In the recent Adjudication officer (‘AO’) order dated on 31st December2019, SEBI took a stand that it can proceed with the adjudication proceedings against a company even though the company is under liquidation. This stand is inconsistent with the approach adopted by SEBI till now and is likely to be non-est. in law.
In this matter of Rajadhiraj Industries Ltd., AO had initiated adjudication proceedings against Rajadhiraj Industries Ltd for non-redressal of investor grievances on SCORES platforms within the stipulated time, and failure to submit to Action Taken Report. When SCN notice was issued to the company, and it was found that company is into closure since 1996, and from MCA records, it was observed that the company has been provisionally wound up by the order of Indore High Court, MP. The appointed official liquidator informed AO that the company is under liquidation, and thus, no legal proceedings can be initiated against it.
Taking U-turn from the existing approach, AO ordered that it can proceed with the adjudication proceedings- banked on that the adjudication proceedings as to determine whether the SEBI laws were violated or not and, to impose penalty. Taking reference to the apex court judgment in SV Kondaskar, OL v VM Deshpande – ruling that liquidation court would have full power to demand the penalty from the liquidator, AO held that adjudication proceedings wouldn’t be hampered by the appointment of an Official liquidator.
At the outset, this order is contrary to stand taken by SEBI till now. Previously, the position in respect to adjudication proceedings was different and had a radical inclination towards the halting and prohibiting the institution of any new proceedings by SEBI without the approval of the appropriate authority. Earlier, M/s Nova Surgikos Limited, the similar facts were arrayed with respect to non-redressal of SCORES complaints, and AO ordered the non-continuation of proceedings owing to the company is under liquidation. Likewise, in Everonn Education Ltd, yielding to the fact that liquidator has been appointed to overlook the affairs of the company, AO desisted from a continuation of the said proceedings owing to non-approval from the court. It was further reaffirmed in ABG Shipyard Ltd that leave of the appropriate is a sine qua non for the continuation of the proceeding if the company is under liquidation, and thus proceedings against the company become not est.

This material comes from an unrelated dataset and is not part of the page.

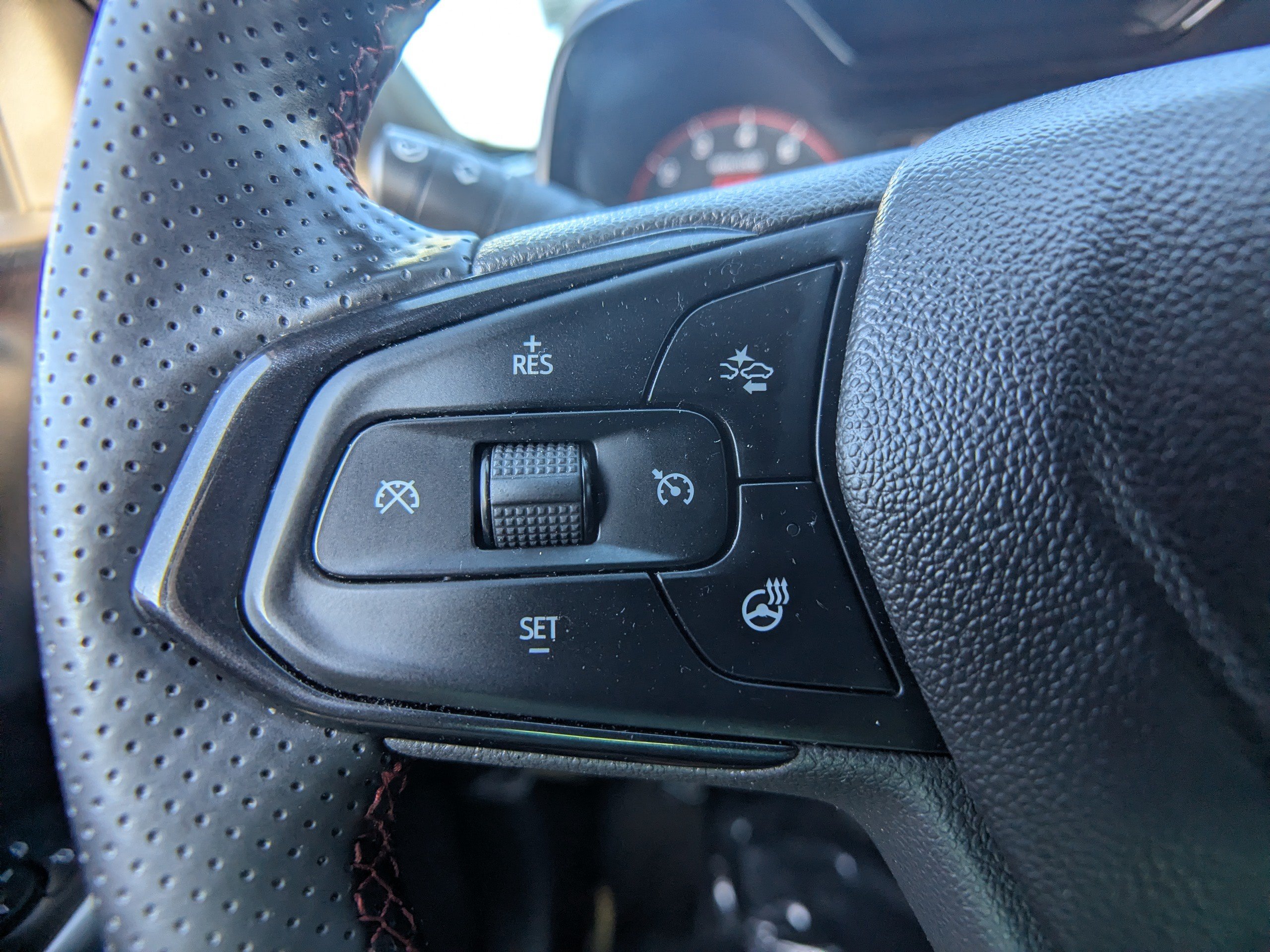 Used 2024 Chevrolet Trax RS w/ Driver Confidence Package FWD image 23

Furthermore, arguably, this order is in direct conflict to Section 33(5) of IBC and Section 279 of Companies Act, 2013. Section 33 (5) IBC, 2016 envisages that in case of liquidation order is passed, no suit or proceeding shall be instituted against or by a corporate debtor whereas Section 279 CA, 2013 which states that when a winding-up order is passed, no suits or other legal proceedings shall be instituted against the concerned company. Under IBC, an only liquidator with the prior approval shall institute suit against the corporate debtor, not any other creditor. In Murgan Oil Industries (P.) Ltd. Re, the word “suit” or “proceedings” not restricted to any class of creditors, or plaintiff and, it is wide enough to encompass all to cover all suits and other legal proceedings who-ever may be plaintiffs.
It is imperative that SEBI has also held that ‘adjudication proceedings’ are within the purview of ‘other legal proceedings’ under Section 446 of the Companies Act, 1956. Thus, in no case, SEBI cannot institute or continue any suit or proceedings against the corporate debtor. Contrastingly, under Section 279 of the Companies Act leverages institution or continuation of suits or proceeding with the prior approval of the tribunal. Therefore, the whole purpose of IBC – to prevent the multiplicity of suits in the multiple forums – is questioned by this order.
It is to reiterate or reaffirm that, once the court has taken the assets of a company under its control or has passed an order for its being wound up, it will not be proper to allow proceedings to be started or continued against the company. Thus, the regulatory proceedings by the various regulators would not only hamper the liquidation process but would intrinsically vitiate corporate structure in the market.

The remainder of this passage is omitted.